The famous maxim is: ‘It is the sound of the black person, of the favela resident, but when it plays no one keeps still.’ What is the point of funk, if not for the funkeiro? How can the parties run by white elite producers be funk, while favela residents cannot promote their parties, inside the favela for the favela? The same racism that kills the young, poor, black favela resident, judging him to be a ‘bandit,’ also prevents all young people from developing and constructing their own ancestral cultural identity. As the funk dancer Cebolinha said: “Funk is not only a product of the market, it saves lives.” Through the rhythm, young people gain an elevated sense of self-esteem, and can develop in different areas within this world, as producers, MCs, DJs, dancers, sound technicians, photographers and filmmakers among other roles.
Some examples of the cultural potential in the favelas are the residents of Jacarezinho who responded to the abandonment of the community by deciding to create something themselves.
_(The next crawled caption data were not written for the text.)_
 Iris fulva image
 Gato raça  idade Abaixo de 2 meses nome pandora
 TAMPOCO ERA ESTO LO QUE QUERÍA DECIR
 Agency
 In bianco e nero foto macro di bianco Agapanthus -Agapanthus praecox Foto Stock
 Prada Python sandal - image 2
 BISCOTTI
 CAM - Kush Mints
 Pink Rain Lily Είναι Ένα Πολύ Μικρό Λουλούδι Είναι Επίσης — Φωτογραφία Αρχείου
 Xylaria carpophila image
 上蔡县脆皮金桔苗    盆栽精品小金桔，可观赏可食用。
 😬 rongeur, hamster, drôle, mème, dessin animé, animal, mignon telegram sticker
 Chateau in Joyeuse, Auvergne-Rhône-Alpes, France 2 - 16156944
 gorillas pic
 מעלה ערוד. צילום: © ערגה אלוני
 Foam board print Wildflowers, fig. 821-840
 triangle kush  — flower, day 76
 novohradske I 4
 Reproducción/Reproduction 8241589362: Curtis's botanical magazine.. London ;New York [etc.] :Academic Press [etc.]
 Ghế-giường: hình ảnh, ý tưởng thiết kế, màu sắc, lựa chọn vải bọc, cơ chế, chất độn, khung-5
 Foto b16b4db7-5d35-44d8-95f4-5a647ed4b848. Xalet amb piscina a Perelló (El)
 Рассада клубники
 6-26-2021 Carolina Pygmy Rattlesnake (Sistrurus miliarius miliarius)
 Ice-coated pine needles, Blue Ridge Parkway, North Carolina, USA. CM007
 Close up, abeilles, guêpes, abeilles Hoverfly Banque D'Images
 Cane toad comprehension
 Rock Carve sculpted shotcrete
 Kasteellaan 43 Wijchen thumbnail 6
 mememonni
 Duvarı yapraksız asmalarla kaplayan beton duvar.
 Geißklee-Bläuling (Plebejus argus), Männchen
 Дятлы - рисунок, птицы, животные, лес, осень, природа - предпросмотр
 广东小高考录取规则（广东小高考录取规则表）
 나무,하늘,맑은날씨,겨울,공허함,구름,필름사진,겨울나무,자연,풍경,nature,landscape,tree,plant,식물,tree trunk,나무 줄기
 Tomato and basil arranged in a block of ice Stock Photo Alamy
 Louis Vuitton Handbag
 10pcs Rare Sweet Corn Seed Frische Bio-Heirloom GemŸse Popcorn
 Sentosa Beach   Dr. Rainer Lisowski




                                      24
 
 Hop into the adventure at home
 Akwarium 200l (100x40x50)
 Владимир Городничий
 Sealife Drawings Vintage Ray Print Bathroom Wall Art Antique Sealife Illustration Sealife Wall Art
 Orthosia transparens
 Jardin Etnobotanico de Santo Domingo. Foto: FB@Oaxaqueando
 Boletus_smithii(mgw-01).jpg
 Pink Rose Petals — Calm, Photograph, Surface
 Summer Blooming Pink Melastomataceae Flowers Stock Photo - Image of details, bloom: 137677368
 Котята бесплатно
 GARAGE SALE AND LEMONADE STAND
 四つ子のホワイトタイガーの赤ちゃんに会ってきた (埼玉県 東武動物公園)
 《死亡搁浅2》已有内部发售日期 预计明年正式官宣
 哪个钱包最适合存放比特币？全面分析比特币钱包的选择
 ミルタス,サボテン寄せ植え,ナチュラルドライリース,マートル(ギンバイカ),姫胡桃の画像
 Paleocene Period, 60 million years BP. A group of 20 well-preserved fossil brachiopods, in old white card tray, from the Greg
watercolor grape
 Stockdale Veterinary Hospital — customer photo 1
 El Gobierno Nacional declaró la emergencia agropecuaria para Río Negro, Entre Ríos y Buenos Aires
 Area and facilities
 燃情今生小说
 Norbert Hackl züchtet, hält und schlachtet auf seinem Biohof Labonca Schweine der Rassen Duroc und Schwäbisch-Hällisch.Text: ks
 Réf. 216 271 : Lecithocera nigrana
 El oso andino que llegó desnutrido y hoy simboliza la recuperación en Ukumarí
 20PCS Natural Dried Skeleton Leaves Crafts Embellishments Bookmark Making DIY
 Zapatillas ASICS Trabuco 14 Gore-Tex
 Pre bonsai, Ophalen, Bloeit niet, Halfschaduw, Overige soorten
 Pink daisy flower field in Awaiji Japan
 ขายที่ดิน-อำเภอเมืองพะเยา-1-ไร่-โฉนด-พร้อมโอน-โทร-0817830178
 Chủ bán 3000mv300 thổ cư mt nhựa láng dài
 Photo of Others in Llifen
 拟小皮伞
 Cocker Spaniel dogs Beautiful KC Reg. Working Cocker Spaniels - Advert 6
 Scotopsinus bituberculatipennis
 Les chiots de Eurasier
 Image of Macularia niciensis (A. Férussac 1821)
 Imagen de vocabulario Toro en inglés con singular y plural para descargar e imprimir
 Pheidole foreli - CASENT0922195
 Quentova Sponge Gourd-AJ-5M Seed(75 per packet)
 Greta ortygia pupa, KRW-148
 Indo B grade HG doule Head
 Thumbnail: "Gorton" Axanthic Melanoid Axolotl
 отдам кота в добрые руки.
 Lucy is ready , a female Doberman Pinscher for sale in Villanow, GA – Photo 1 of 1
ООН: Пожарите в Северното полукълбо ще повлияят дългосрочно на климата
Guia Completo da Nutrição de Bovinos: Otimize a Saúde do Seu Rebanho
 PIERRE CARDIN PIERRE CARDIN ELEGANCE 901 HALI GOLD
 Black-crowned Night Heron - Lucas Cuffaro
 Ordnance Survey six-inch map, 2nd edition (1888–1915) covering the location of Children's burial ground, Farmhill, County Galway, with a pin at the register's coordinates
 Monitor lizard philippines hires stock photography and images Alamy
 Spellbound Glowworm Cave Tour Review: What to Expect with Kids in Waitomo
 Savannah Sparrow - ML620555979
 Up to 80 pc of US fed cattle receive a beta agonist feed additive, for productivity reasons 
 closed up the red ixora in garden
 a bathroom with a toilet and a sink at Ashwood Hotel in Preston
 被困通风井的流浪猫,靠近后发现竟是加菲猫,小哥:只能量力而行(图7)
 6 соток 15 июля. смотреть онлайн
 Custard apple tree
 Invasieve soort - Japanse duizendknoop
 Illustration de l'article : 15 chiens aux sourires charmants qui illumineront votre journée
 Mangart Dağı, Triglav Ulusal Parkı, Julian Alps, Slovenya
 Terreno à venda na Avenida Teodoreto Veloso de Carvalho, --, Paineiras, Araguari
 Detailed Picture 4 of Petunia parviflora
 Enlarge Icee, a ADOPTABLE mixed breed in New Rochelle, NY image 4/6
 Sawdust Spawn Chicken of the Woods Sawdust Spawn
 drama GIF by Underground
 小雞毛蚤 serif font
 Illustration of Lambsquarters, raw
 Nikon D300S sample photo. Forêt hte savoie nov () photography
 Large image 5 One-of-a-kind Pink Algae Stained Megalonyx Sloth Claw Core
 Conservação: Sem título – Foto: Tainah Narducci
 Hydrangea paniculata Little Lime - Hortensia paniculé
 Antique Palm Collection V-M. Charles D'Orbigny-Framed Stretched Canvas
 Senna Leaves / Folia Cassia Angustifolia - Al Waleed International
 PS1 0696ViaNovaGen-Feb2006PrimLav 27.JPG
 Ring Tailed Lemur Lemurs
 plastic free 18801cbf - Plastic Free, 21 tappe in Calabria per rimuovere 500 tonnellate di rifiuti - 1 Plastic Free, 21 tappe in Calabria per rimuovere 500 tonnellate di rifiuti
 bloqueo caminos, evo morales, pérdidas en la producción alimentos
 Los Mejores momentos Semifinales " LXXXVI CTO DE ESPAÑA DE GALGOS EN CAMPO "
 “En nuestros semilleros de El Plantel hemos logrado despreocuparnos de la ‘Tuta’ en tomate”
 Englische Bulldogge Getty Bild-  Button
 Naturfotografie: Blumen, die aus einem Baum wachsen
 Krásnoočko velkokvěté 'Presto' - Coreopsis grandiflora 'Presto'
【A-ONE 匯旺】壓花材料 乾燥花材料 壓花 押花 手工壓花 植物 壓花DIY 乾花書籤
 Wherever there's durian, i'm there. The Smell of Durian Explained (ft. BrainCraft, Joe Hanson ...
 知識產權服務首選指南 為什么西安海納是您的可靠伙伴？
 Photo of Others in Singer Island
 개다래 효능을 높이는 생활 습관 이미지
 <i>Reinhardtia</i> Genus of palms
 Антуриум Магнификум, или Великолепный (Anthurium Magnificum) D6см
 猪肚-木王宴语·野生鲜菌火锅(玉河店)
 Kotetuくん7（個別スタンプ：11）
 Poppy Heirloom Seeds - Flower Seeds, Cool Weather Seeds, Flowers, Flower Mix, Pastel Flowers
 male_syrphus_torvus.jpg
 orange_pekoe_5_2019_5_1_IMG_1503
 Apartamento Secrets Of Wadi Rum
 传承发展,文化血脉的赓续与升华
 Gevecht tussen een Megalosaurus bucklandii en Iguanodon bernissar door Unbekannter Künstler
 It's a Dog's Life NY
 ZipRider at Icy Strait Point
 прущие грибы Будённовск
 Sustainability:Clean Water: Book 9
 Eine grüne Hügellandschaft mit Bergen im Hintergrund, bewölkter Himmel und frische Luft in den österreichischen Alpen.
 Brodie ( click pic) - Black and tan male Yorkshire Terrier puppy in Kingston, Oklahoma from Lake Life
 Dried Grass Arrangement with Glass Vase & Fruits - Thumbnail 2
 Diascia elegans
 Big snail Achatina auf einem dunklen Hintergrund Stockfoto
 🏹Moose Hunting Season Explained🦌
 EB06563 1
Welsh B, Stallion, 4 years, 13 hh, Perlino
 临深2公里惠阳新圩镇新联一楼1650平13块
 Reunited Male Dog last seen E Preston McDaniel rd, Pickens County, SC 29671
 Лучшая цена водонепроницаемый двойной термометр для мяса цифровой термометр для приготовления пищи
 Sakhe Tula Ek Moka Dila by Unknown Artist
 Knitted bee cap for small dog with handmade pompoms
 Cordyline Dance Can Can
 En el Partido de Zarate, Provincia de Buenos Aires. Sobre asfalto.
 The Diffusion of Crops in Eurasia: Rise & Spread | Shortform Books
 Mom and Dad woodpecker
Léo Lima, who grew up in Azul (the upper part of Jacarezinho), is a photographer, student of pedagogy and representative of the Coletivo Cafuné na Laje, an independent art education movement in Rio that uses art and technology in an organic process of exchange between individuals. The photographs of Léo Lima are a great success among children and all the residents of surrounding areas; they bring all the delicacy and nuance of the dreams of children, and recall homes, laughter and happy moments in the favela.
Launched by Júlio Cesar, widely known as Júlio Moda, the Jacaré is Fashion agency showcases talent from the favelas and suburbs of Rio to the world. The initiative seeks to empower young people through fashion and reduce the distance between the periphery and the fashion world. Júlio is the nephew of the centenarian Tia Dorinha, known for being the last rezadeira in Jacarezinho and for looking after many children while their mothers were working, even though she did not have children herself.
To live in Jaca means to sit in the doorway of the house, on the edge of the Jacaré river, to place a laptop on your knees and enjoy funk in the breeze of the afternoon. This is an image of the ideal place; if we could stay in the doorway of the house, without running the risk of a stray bullet coming from armed conflict provoked by the public security Military Police, the UPP; if the river were not polluted due to the lack of sewage treatment; if the door of my house was not in a narrow alley where other people need to pass by; and if my house had electricity.
Jacarezinho is resistance!
Raised in Maré and Jacarezinho, Diana Anastácia is a black favela resident, funkeira, philosophy student at the State University of Rio de Janeiro (UERJ), and cultural producer in Fortaleceu Produções.